Over the last few weeks, I’ve discussed nearly every aspect of inflation itself, including two of its variations (demand-pull and cost-push inflation). Today, I’ll be exploring the final type of inflation, built-in inflation. This might be the most ironic and is by far the most self-fulfilling concept I’ve explored in one of my articles.


As a reminder, inflation is a decrease in purchasing power, meaning one dollar will be able to buy less and less as time passes. Inflation has been present throughout recent history, and will likely remain present for years to come.


Inflation degrades the “value” of cash over time, so large savings kept in cash will be worth “less” as time passes. The same item that was, say $5 in 1990, will cost $10 in 2021, despite there being no change in the item itself. Instead, due to inflation, the purchasing power of one dollar decreased over 30 years.

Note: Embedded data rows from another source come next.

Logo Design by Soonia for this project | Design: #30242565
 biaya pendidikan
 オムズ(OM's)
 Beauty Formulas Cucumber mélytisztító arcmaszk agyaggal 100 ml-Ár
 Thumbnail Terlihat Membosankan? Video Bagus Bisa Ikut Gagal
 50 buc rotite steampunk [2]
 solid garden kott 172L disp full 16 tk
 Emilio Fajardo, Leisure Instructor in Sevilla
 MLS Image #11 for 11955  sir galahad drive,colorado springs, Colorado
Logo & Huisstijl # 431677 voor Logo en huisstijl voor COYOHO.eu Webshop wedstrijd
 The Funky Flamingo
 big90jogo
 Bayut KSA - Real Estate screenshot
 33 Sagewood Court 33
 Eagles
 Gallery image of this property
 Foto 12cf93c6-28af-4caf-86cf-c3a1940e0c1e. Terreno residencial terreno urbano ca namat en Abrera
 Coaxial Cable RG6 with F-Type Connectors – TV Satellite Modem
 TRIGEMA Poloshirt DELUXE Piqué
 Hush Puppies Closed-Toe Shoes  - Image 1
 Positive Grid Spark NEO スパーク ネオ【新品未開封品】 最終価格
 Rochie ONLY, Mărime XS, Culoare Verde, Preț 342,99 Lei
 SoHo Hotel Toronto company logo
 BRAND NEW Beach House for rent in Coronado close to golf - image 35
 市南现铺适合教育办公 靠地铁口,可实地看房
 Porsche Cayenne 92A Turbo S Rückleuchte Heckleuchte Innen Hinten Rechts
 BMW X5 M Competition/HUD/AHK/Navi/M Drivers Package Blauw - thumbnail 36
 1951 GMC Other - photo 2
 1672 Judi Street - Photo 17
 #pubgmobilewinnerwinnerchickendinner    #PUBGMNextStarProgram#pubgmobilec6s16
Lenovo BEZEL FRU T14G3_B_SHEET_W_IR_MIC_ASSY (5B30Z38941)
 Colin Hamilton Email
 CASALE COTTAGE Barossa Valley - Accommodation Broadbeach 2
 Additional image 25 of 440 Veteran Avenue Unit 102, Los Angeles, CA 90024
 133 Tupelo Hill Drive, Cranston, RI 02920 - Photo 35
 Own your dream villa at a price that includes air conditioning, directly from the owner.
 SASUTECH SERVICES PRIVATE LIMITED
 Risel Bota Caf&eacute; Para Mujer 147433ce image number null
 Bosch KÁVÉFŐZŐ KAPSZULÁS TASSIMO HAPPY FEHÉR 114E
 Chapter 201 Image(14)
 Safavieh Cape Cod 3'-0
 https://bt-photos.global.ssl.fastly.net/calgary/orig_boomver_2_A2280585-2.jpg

Now, onto built-in inflation. Unlike demand-pull and cost-push inflation, built-in inflation doesn’t have a tangible basis (changes in the money supply, increase in raw material pricing). Instead, built-in inflation occurs due to expectations.


There are two driving factors behind built-in inflation. The first is inflationary expectations. This means people expect inflation and therefore try to change their actions to adjust for it. What exactly does this entail? Well, companies expect inflation to occur, so to ensure their real (inflation-adjusted) profits stay the same, they increase prices. Similarly, workers expect inflation to occur and expect their wages to rise so they can afford changes in pricing. As such, because so many institutions expect inflation, and act to mitigate the expected effects by raising prices, they play an active role in implementing inflation (a general rise in prices). Ironic, right?


Similarly, the second driving factor for built-in inflation is the conflict between employers and employees when it comes to wages. Employees that expect inflation request higher prices, which leads to decreased profit margins for employers, as higher wages mean higher operating costs. Employers, to maintain their profits while also meeting the demands of workers, raise the prices of their goods. Consumers see increasing prices, and demand increased wages because their cost of living increased. This leads to employers raising prices, and the cycle continues. As I said, very self-fulfilling :P.


In summary, built-in inflation results from expectations of inflation. Consumers and workers expect inflation and demand higher wages, leading companies to increase prices, which raises the overall cost of living, which, in turn, leads consumers and workers to demand higher wages, causing a positive feedback loop. I hope this article was helpful, and now that we’ve explored all the different aspects of inflation, I’ll be explaining a few different ways to battle inflation in the coming weeks. Thanks for reading, and I'll catch you in the next one.